──────── Provided material ────────

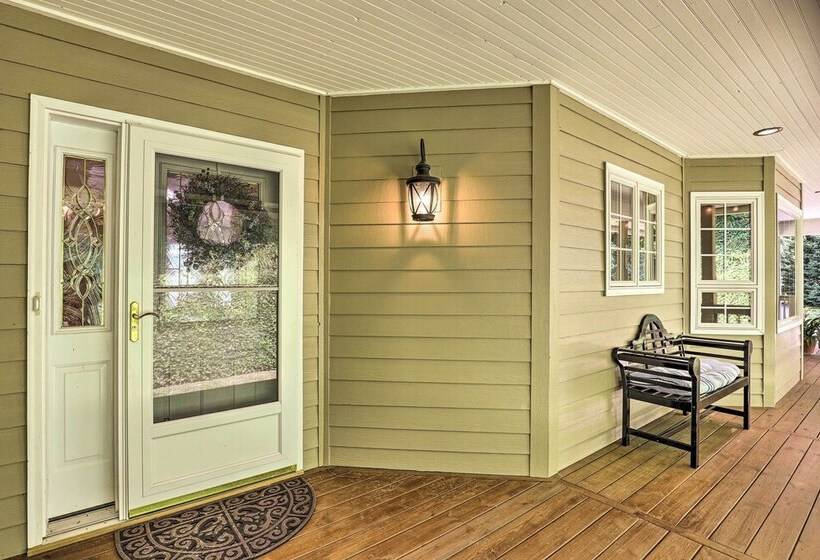 North Carolina Home W/ Game Room, Deck & Fire Pit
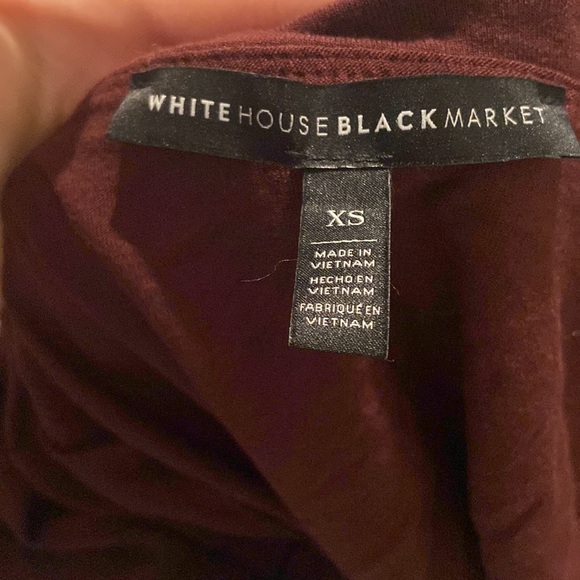 White House Black Market maroon off the shoulder blouse size XS - Picture 3 of 4
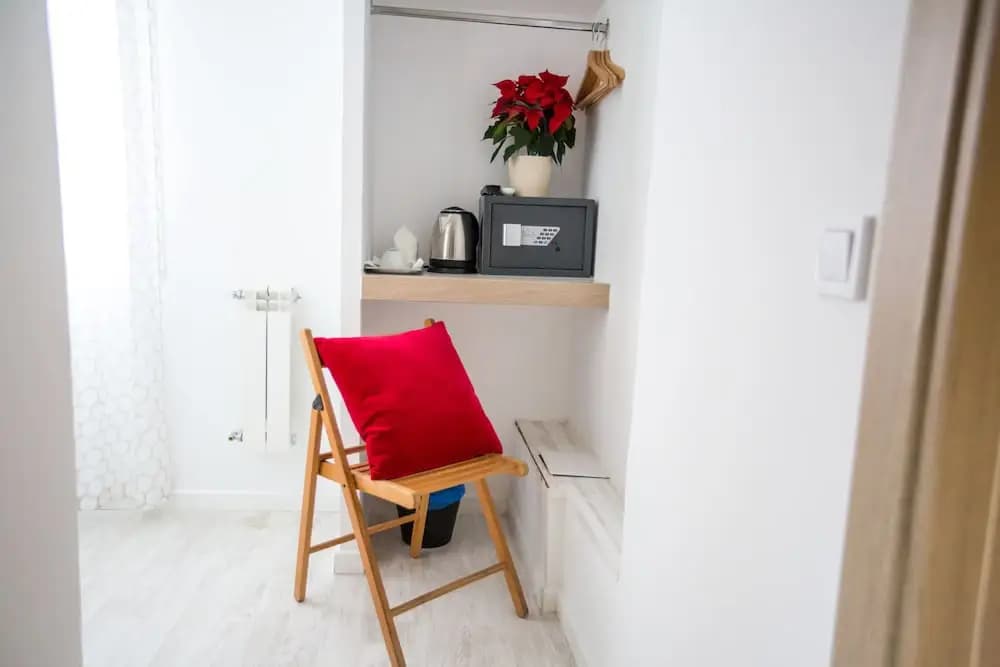 Hostal Adis - photo 4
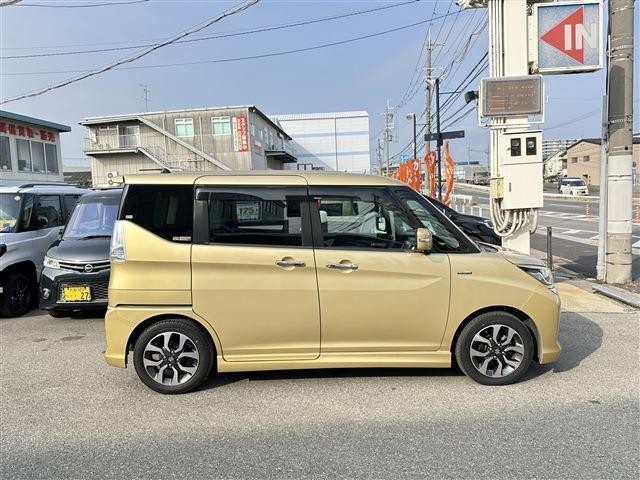 31811e297acbe5bd3db9da14024da2d1.jpg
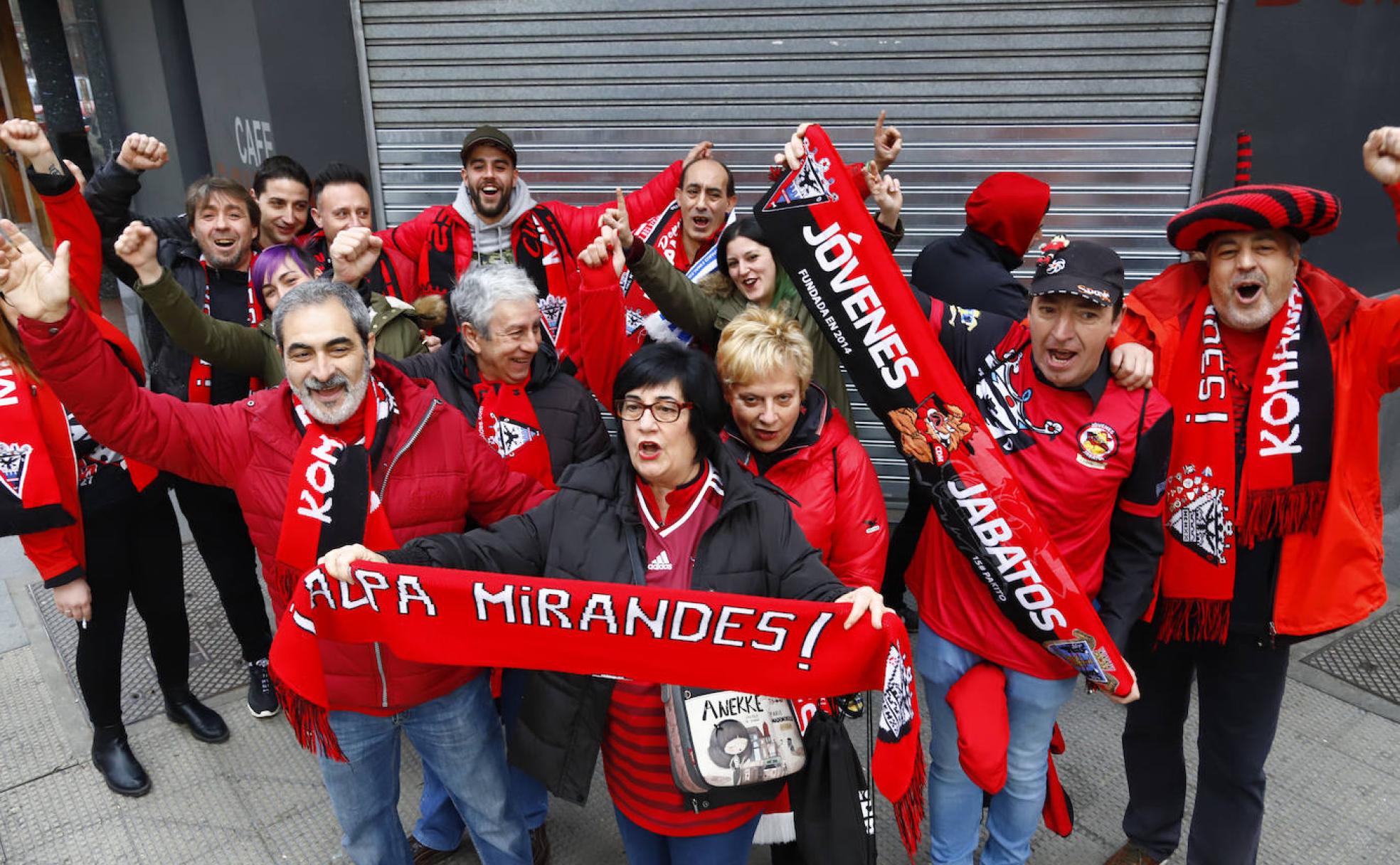 Un animado grupo de hinchas del Mirandés anima al equipo rojillo antes de partir a San Sebastián.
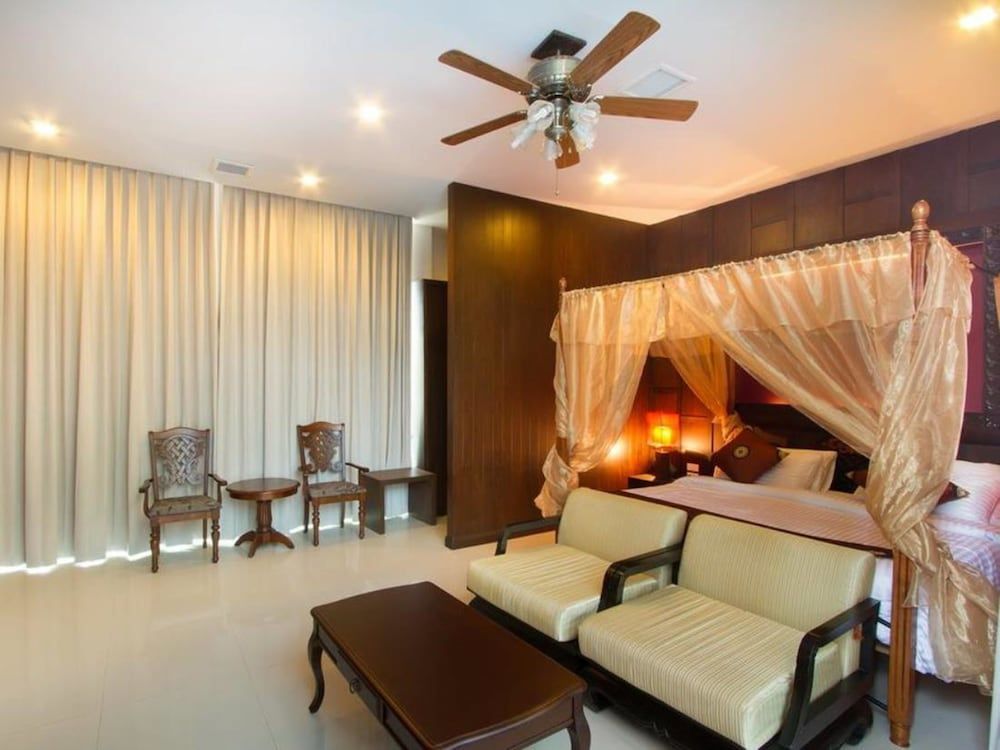Royal Thai Pavilion Jomtien Hotel 2
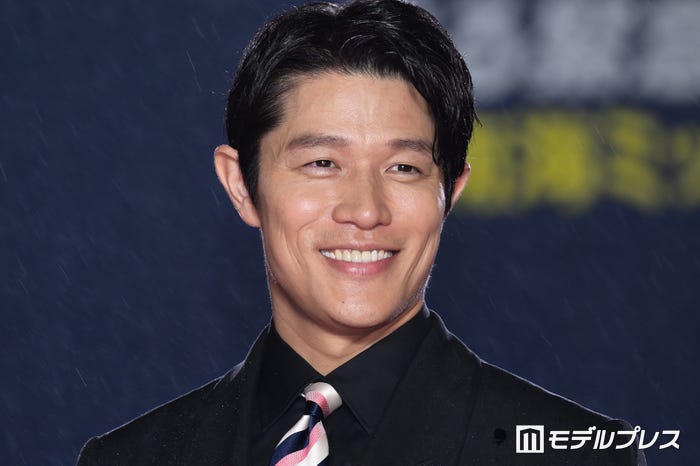 鈴木亮平(C)モデルプレス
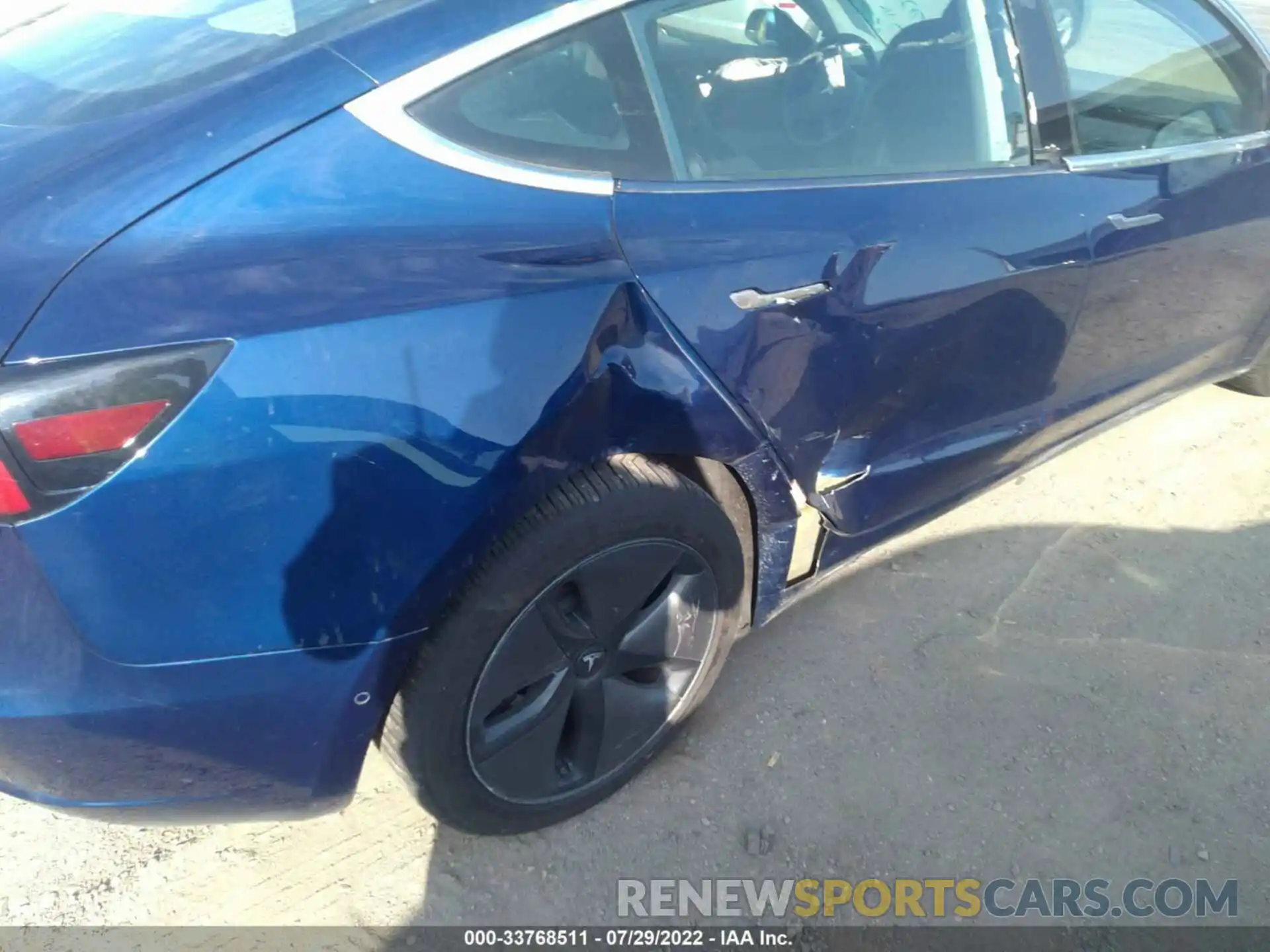 6 Photograph of a damaged car 5YJ3E1EB5KF211049 TESLA MODEL 3 2019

────────

→ **What the exercise asks**: Repeat the data exactly as written, but without the pictures.

→ **Solution to this exercise**:
 North Carolina Home W/ Game Room, Deck & Fire Pit
 White House Black Market maroon off the shoulder blouse size XS - Picture 3 of 4
 Hostal Adis - photo 4
 31811e297acbe5bd3db9da14024da2d1.jpg
 Un animado grupo de hinchas del Mirandés anima al equipo rojillo antes de partir a San Sebastián.
Royal Thai Pavilion Jomtien Hotel 2
 鈴木亮平(C)モデルプレス
 6 Photograph of a damaged car 5YJ3E1EB5KF211049 TESLA MODEL 3 2019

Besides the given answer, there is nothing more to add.